Tenía la sensación de que la gente y
mi familia creían que era incapaz de lograr la independencia que los niños de
mi edad ya tenían, a eso sumado con mi extrema timidez me daba una apariencia frágil
y tierna. Yo estaba acostumbrada a que me dijeran que era muy flaquita y la
verdad trataba de no poner atención a los apodos de las demás niñas u otros
comentarios, pero un día una amiga me dijo que yo podía levantar mi voz y parar
ese apodo de “Huesitos”, la verdad no sabía cómo lograr eso, entonces opté por
llamar a Carolina “kiko”, utilizando también algo de su propia medicina, pues
Carolina de niña era cachetoncita.
Aunque la continue llamando así
cuando ella me llamaba huesitos, la verdad no me sentía bien, y quería que
simplemente el apodo de huesitos terminara, y fue entonces cuando decidí contar
en casa lo que estaba pasando. Mi hermana Andrea, quien tenía 14 años para esa época
decidió ayudarme y antes de entrar a una clase de informática me acompañó y
llamó a Carolina para hablar con ella, Carolina la miró un poco desconcertada y
preguntó que pasaba, no recuerdo bien lo que le dijo mi hermana, pero le
advirtió que a mí no me gustaba que me dijeran Huesitos y que por favor parara
con ese apodo, Carolina trató de defenderse diciendo que yo le decía “Kiko”,
entonces al fin acordamos que no íbamos a usar apodos entre las dos.
A pesar de este episodio no nos
peleamos, sino que seguimos siendo amigas, han pasado los años, en algunos
momentos en la adolescencia quizás nos distanciamos, pero siempre sabiendo que
tanto ella como yo estábamos allí.
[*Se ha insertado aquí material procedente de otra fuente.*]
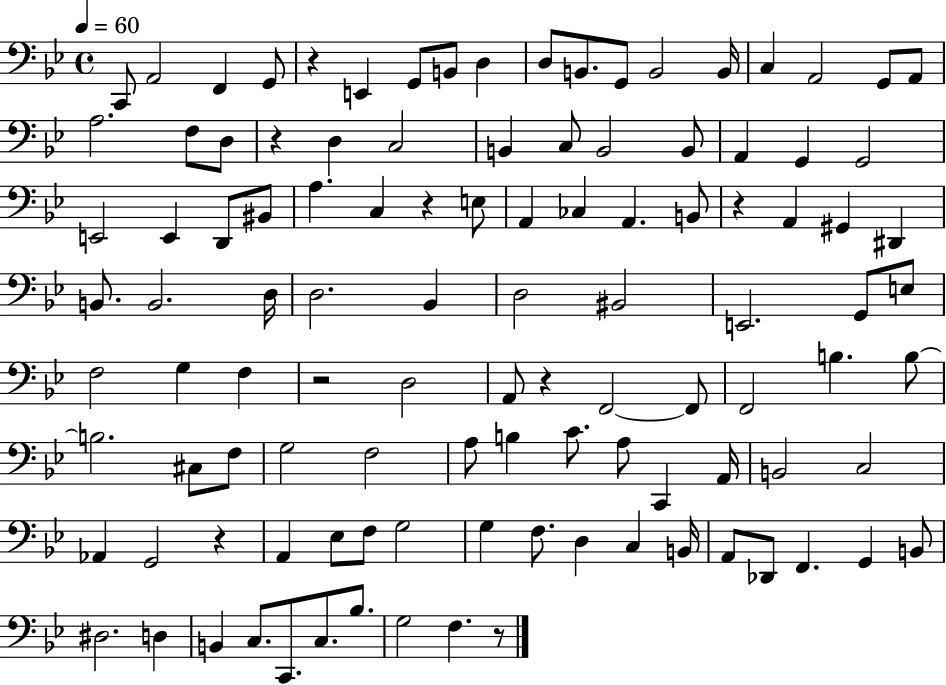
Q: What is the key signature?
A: BES major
Hemos emprendido aventuras juntas como
cuando decidimos empezar nuestros estudios de maestría en Europa y hemos viajado
juntas.
Hemos compartido momentos tristes
como la muerte de nuestros padres y corazones rotos, pero también momentos
felices en nuestras vidas, celebrado fiestas como navidad y año nuevo; quizás
no hablamos todos los días, pero siempre procuramos estar en contacto y siempre
estar presente para cuando se necesite. Han sido más de 30 años de amistad, y
espero que esta perdure para toda la vida, es una amistad muy especial que
incluso me impulsó a llamar a mi hija Carolina.